Described anchor is by overlapping in the anchor, the anchor overcoat, upper bearing (metal), lower bearing and anchor yoke are formed, in anchor, establish upper bearing (metal) and lower bearing between cover and the anchor overcoat, cover links to each other with the newel top by adpting flange in the anchor, anchor yoke by anchor cable fixedly anchor be coated at ground; Or anchor is made up of central shaft, bearing unit, anchor disc, wherein establishes a central shaft at the anchor disc center, and there is a seam lower end of central shaft, central shaft is passed on the low bottom-disc rotary middle spindle of the main bearing that newel is packed in by seam; The top of central shaft is movably arranged on newel by bearing unit, and anchor disc is by anchor yoke, cable wire anchoring; This bearing unit is made up of overcoat, interior cover, radial ball bearing, and its overcoat is a flange arrangement, is packed in by bolt on the upper flanges of newel, and interior cover and central shaft are slidingly matched, and between overcoat and the interior cover radial ball bearing is arranged;
Described power transmission mechanism is the generator shaft joint, by splined shaft and spline housing suit, splined shaft is placed through the main thrust bearings chassis rotary middle spindle of main bearing, links to each other with newel by flange plate A, splined shaft passes through the spline B engagement of set spline boss of outer wall and inwall, and the input of speed reducer generator set is linked on the wheel in the spline housing below by flange plate D; Or described power transmission mechanism is made up of gear ring and transmission gear, and gear ring is installed on the main thrust bearings top bottom-disc of main bearing, and in transmitting gear engagement, transmits gear and be connected with the speed reducer generator set.
Compared with prior art the present invention has more following beneficial effect:
1. owing to the effect of anchor cable and auxiliary anchor pole, the good stability that the present invention is in operation uses material few, so cost is lower.
2. be arranged vertically the sail leaf, floor space is little, and the maximum speed that the sail leaf rotates is far below horizontal axis wind-driven generator, so the light pollution that noise and shade cause is much smaller than horizontal axis wind-driven generator.

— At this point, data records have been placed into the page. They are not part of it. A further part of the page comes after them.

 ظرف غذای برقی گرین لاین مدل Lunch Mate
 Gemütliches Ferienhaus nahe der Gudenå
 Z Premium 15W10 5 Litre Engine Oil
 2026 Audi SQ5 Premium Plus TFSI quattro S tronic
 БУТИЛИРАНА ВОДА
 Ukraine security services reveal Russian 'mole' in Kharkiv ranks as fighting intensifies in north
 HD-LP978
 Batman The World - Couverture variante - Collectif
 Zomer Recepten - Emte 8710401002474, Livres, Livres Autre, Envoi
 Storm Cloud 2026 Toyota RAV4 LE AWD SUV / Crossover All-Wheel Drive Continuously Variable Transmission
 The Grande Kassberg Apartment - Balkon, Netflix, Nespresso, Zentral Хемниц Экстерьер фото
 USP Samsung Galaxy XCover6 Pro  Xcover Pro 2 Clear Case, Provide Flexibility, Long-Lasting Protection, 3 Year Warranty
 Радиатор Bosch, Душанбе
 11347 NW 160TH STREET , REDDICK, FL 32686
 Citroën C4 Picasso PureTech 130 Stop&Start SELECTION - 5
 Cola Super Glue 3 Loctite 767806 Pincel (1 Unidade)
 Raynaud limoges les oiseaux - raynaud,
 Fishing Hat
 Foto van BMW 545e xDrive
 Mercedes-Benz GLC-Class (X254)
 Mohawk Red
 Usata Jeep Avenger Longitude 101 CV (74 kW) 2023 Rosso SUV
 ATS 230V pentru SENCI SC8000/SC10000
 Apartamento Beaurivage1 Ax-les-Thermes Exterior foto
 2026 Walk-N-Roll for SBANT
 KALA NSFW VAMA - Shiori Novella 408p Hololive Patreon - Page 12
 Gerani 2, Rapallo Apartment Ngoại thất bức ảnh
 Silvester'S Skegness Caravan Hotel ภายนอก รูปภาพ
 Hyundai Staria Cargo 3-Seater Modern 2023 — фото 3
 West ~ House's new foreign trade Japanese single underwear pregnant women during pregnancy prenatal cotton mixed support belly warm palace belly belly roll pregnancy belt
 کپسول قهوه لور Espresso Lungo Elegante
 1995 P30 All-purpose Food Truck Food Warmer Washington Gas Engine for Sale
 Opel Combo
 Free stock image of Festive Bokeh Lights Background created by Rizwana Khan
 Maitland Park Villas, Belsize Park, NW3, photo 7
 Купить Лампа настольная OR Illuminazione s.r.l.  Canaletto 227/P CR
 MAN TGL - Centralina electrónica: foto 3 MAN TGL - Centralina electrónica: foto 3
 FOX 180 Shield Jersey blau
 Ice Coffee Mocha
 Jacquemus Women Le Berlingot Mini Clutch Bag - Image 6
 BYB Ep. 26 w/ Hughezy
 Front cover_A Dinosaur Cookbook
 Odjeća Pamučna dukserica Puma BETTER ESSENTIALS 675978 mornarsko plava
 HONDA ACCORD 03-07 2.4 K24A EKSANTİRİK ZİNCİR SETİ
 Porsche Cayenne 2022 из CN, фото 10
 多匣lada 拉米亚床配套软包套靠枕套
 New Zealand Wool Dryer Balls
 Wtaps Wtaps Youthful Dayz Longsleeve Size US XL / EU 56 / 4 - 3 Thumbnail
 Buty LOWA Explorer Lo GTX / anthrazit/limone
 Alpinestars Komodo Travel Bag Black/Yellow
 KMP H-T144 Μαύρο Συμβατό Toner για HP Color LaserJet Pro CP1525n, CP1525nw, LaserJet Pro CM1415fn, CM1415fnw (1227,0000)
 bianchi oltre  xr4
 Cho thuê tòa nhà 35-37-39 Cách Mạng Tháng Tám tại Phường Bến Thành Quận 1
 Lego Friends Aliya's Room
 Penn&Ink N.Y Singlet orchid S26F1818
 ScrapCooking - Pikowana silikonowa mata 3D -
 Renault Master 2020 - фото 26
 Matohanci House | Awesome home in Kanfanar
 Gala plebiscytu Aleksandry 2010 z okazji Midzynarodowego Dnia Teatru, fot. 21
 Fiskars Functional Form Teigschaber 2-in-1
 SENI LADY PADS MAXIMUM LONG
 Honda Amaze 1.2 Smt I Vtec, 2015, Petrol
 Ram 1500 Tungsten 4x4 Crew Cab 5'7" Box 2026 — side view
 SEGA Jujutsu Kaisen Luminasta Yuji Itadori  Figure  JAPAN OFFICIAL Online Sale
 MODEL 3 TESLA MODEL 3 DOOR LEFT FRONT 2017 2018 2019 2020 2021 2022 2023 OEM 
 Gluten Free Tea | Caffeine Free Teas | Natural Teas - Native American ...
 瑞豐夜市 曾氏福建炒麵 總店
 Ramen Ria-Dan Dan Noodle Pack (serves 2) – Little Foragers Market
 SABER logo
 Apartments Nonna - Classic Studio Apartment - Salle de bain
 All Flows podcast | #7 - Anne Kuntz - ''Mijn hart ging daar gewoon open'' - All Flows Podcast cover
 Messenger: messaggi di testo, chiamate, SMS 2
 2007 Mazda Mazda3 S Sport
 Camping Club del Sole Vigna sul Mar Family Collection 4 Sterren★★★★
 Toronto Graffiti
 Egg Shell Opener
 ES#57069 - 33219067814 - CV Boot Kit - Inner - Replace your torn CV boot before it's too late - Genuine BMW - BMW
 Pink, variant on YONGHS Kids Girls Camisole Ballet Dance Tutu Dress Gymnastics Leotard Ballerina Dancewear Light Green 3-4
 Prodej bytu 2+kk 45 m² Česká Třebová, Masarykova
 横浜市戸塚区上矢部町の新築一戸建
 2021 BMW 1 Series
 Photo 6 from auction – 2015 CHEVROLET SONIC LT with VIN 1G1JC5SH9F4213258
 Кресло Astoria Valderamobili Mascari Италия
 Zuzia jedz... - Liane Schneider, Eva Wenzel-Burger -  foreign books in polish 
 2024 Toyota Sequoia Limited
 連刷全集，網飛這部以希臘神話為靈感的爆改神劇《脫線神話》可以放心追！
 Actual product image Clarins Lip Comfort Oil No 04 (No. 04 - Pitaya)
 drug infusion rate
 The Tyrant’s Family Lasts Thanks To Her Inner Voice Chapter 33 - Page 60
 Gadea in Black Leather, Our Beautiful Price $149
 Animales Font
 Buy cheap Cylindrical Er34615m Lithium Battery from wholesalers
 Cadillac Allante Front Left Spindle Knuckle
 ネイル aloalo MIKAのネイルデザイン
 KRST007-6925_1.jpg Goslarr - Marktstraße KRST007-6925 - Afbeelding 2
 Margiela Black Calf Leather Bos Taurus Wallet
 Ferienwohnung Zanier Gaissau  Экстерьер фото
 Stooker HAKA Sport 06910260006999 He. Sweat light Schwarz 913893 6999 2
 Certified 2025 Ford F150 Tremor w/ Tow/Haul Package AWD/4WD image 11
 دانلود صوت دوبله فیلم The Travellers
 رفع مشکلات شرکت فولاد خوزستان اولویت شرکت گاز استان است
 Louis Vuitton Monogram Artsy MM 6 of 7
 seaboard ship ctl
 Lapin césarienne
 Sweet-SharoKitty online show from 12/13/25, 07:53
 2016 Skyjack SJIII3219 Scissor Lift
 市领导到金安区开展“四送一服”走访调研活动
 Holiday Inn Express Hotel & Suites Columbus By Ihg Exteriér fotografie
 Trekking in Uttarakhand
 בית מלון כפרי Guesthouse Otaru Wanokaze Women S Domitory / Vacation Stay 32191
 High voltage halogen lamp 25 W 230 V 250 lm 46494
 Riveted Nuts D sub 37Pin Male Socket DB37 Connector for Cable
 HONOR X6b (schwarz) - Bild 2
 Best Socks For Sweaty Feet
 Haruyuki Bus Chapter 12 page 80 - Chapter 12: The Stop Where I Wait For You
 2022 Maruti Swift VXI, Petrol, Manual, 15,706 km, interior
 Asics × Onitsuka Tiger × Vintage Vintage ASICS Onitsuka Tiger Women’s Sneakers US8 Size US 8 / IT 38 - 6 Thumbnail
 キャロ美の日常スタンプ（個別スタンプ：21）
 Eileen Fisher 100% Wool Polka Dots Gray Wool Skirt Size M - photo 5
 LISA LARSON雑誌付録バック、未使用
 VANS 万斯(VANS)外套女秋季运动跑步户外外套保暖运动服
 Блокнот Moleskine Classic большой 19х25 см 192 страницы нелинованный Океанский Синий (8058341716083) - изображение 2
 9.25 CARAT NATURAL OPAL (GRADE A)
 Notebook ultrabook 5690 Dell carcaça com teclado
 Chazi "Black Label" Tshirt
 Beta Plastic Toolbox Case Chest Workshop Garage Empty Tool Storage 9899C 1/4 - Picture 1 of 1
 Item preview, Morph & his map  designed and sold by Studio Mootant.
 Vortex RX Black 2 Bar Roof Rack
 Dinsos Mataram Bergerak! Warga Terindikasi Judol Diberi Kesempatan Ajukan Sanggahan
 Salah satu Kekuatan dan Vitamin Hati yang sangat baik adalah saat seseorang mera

3. the present invention has adopted the compound thrust-bearing technology of magnetic suspension that the energy loss of rotating part is reduced significantly on the main bearing of load maximum, has improved efficient and has reduced fault, thereby made things convenient for maintenance work.
4. the wind scale wide ranges that can utilize, effectively generating dutation is longer, good in economic efficiency.
Description of drawings
Fig. 1-1 is an overall structure schematic representation of the present invention.
Fig. 1-2 is among Fig. 1-1, main bearing and generator shaft joint scheme of installation on concrete pedestal.
Fig. 1-3 is among Fig. 1-1, and facing the wind angle starter and sail leaf shaft joint of sail leaf is installed in the scheme of installation of the leaf supporting disk below that lowers the sail (be used for driving sail leaf).
Fig. 1-4 is among Fig. 1-1, the structural representation that the sail leaf is connected with last sail leaf supporting disk by sail leaf shaft joint.
Fig. 1-5 is among Fig. 1-1, the cross-sectional configuration schematic representation of sail leaf shaft joint and last sail leaf supporting disk connection part.
Fig. 2-1 is the plan view of main bearing among Fig. 1-1.
Fig. 2-2 is the sectional view of Fig. 2-1.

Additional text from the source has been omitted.